== ABOUT THIS EXERCISE ==
Below are lines of records; copy exactly those from the one containing "09-12 KAWASAKI NINJA" through the one containing "Beyond Yoga Spacedye Line Up Wide Leg Pant", leaving the pictures behind.

== MATERIAL FOR THIS TASK ==
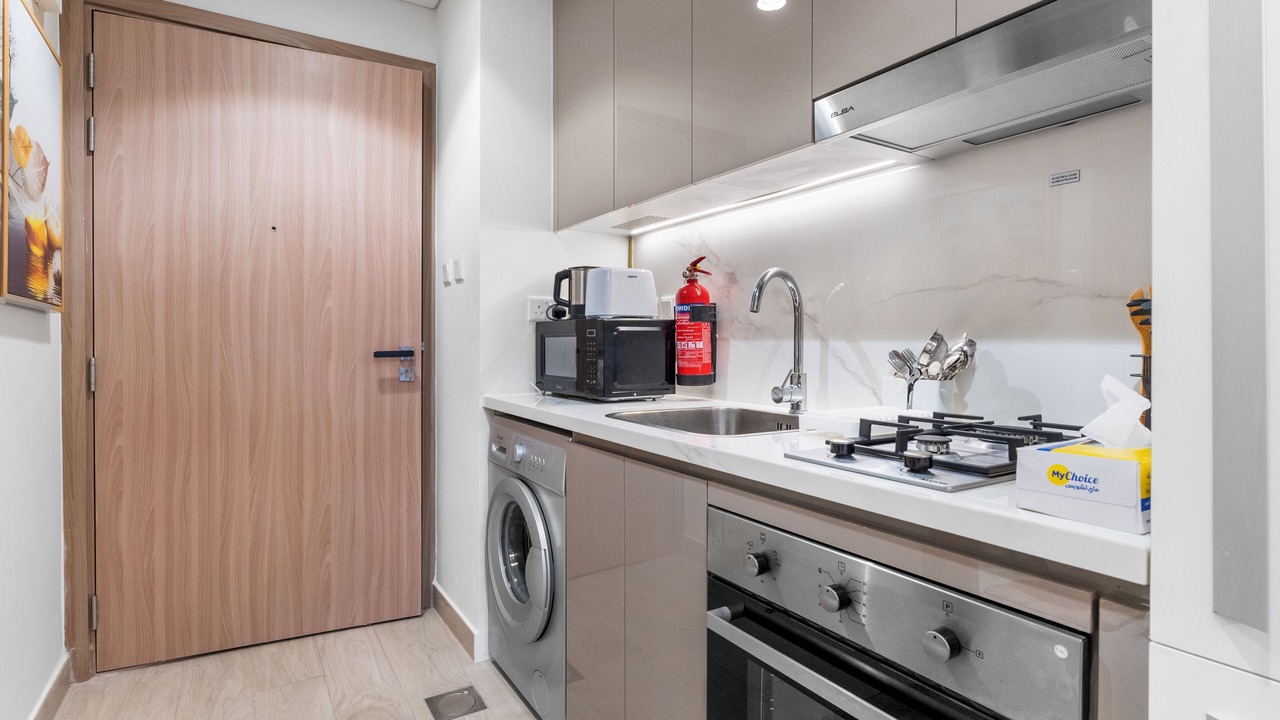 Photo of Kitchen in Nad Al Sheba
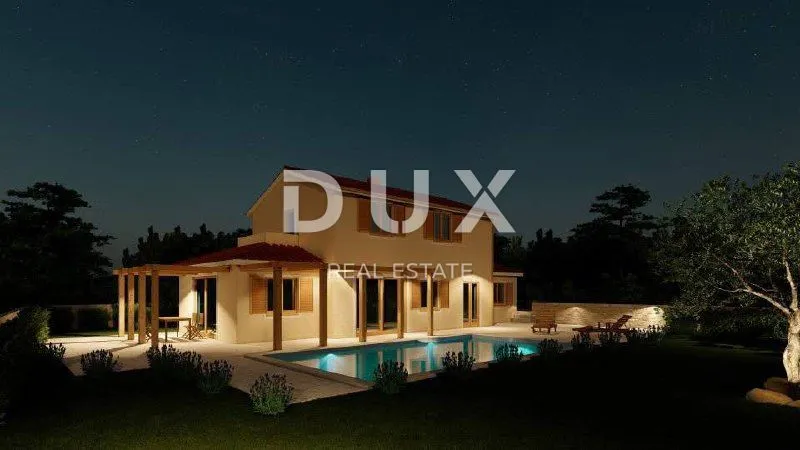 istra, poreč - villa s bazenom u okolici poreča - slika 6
* * *
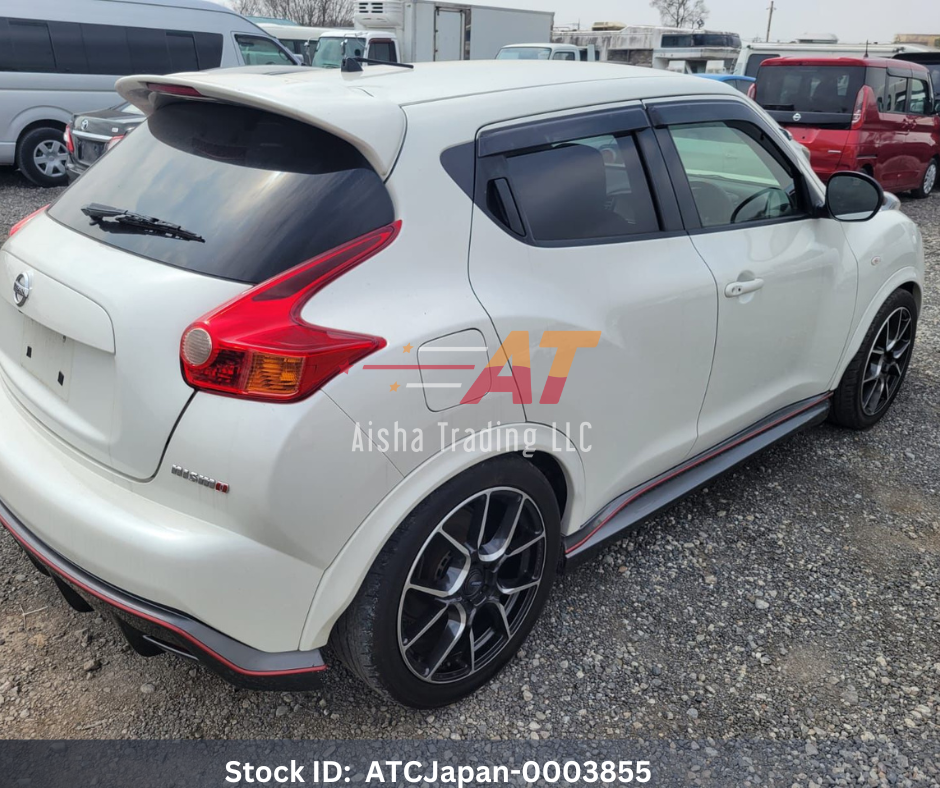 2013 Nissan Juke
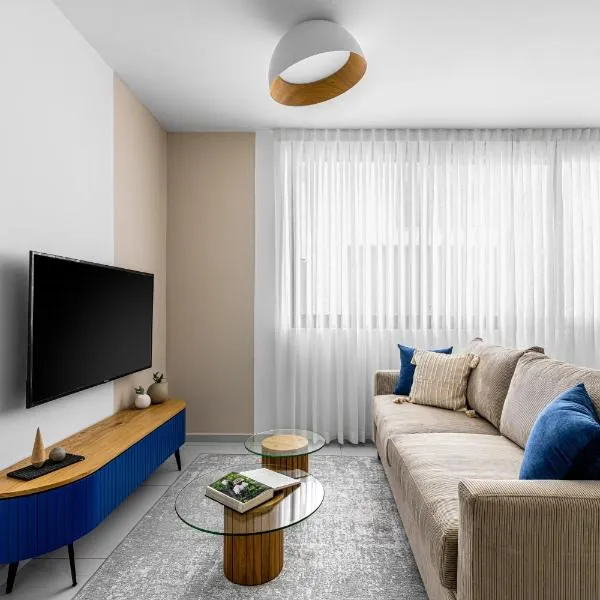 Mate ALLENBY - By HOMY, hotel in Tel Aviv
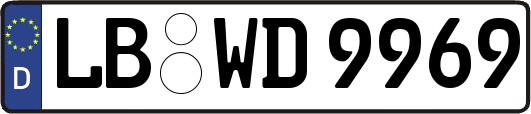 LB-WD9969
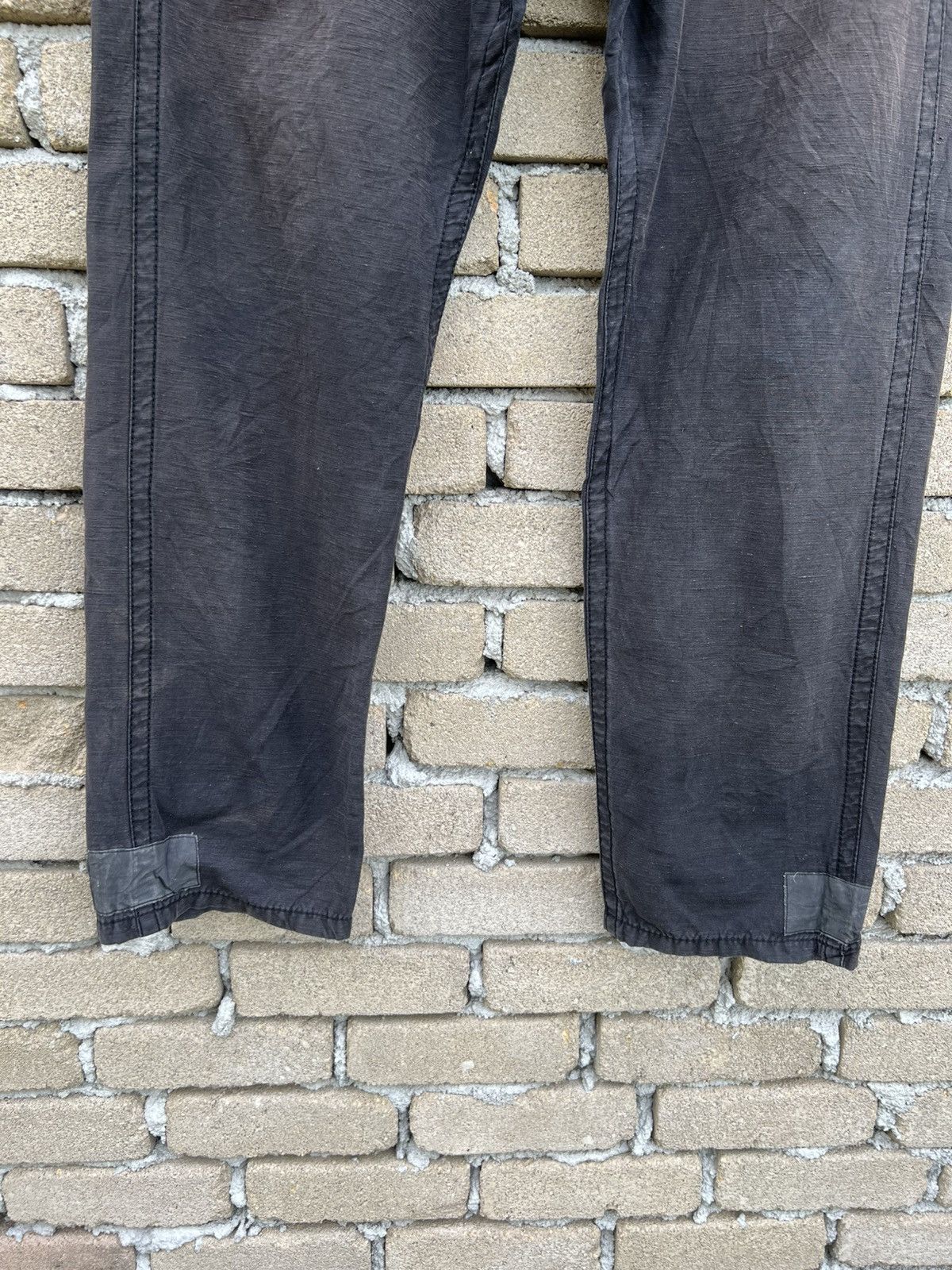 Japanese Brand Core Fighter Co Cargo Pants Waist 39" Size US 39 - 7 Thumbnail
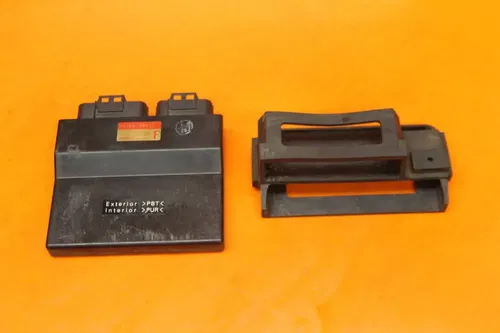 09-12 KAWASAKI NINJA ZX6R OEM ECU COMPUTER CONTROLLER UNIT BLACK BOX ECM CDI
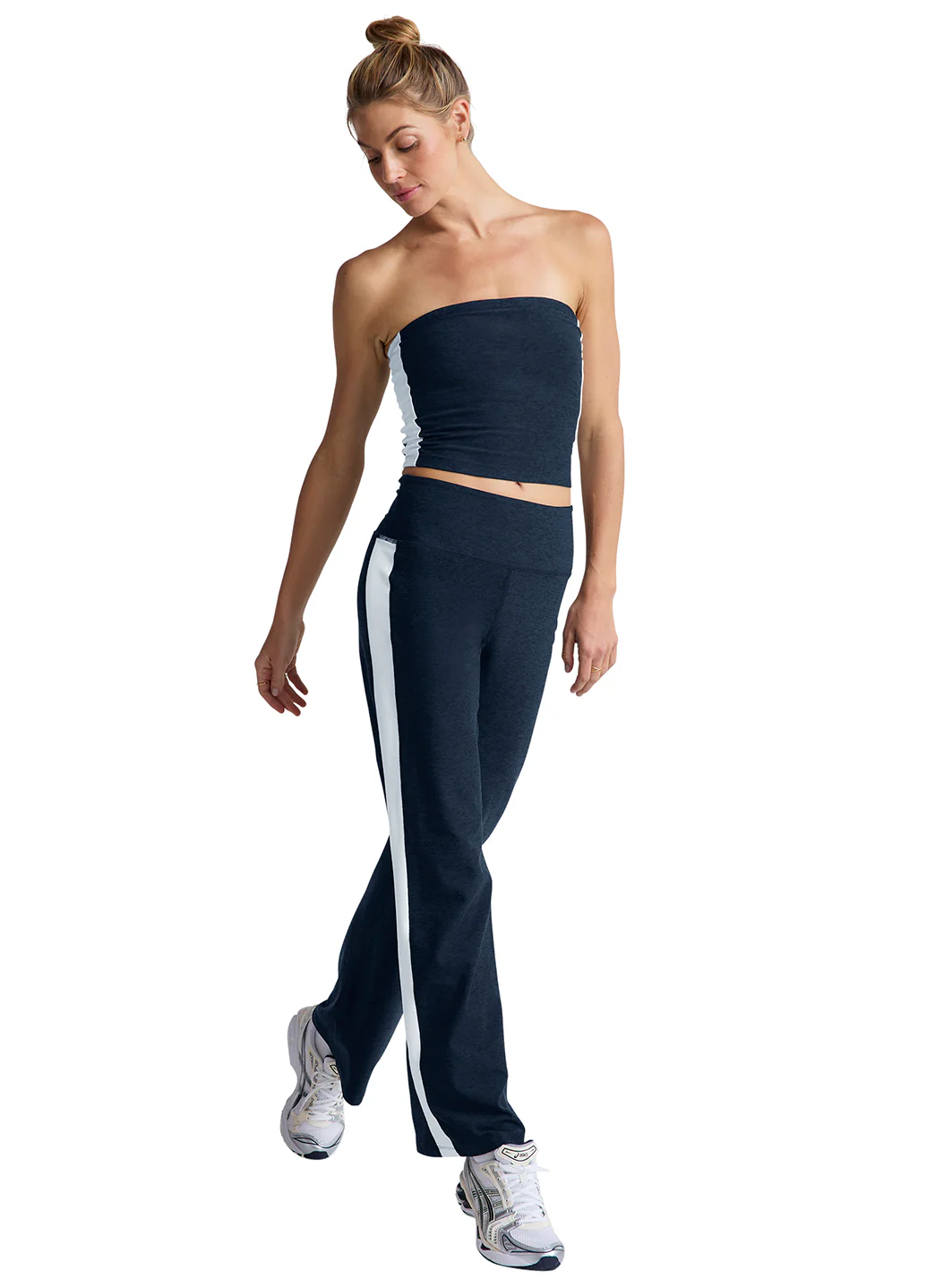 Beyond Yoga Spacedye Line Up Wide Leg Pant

== EXPECTED ANSWER ==
 09-12 KAWASAKI NINJA ZX6R OEM ECU COMPUTER CONTROLLER UNIT BLACK BOX ECM CDI
 Beyond Yoga Spacedye Line Up Wide Leg Pant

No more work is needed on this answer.